▶ **Exercise brief**: Copy out exactly, and only, the lines from the one containing "Wood Fired Pizza" through the end of the entries. No pictures.

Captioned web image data

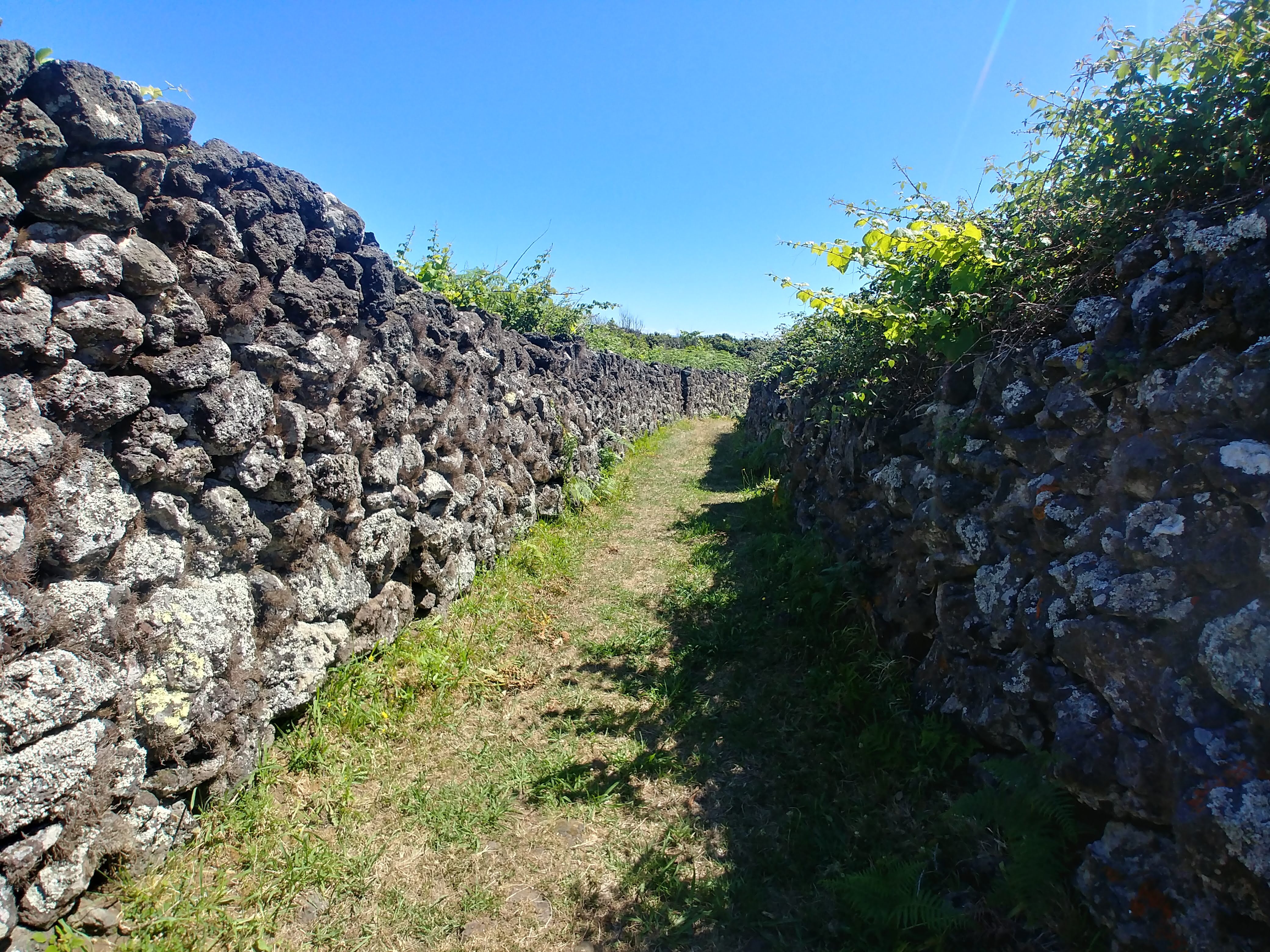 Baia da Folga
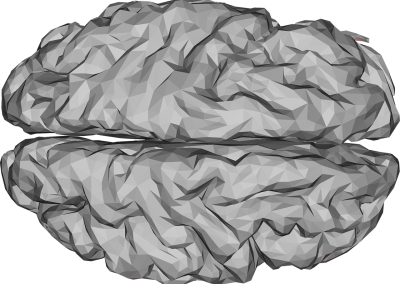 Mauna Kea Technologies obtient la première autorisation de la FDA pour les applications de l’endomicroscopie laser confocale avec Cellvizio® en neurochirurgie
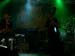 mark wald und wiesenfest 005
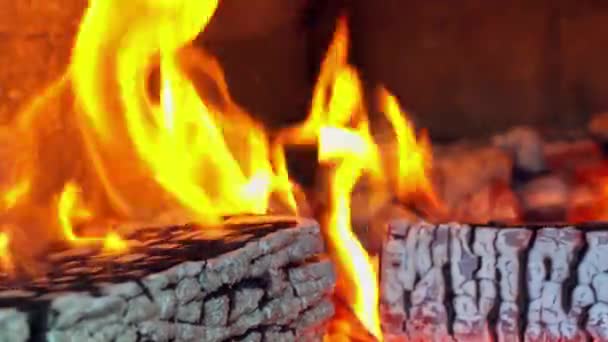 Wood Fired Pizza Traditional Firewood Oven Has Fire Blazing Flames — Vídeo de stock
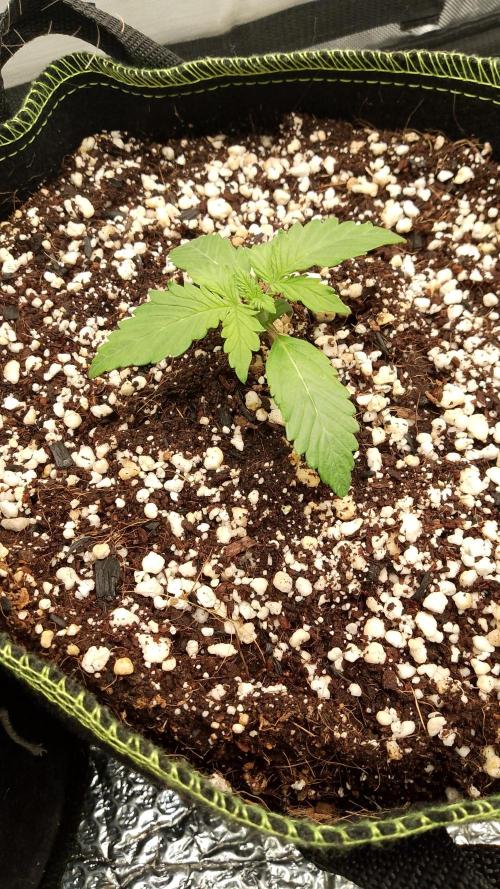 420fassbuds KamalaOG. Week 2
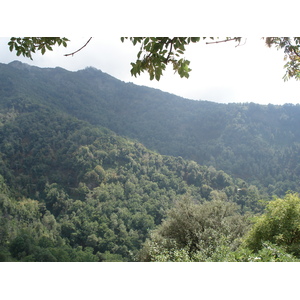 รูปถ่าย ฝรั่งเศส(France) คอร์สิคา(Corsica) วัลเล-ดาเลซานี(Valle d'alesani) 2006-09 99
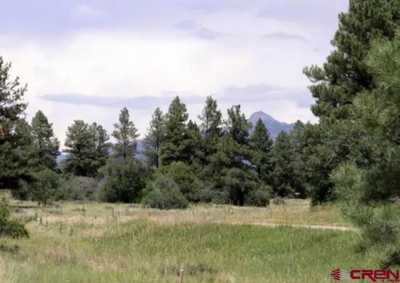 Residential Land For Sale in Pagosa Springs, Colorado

▶ **Solution**:
 Wood Fired Pizza Traditional Firewood Oven Has Fire Blazing Flames — Vídeo de stock
 420fassbuds KamalaOG. Week 2
 รูปถ่าย ฝรั่งเศส(France) คอร์สิคา(Corsica) วัลเล-ดาเลซานี(Valle d'alesani) 2006-09 99
 Residential Land For Sale in Pagosa Springs, Colorado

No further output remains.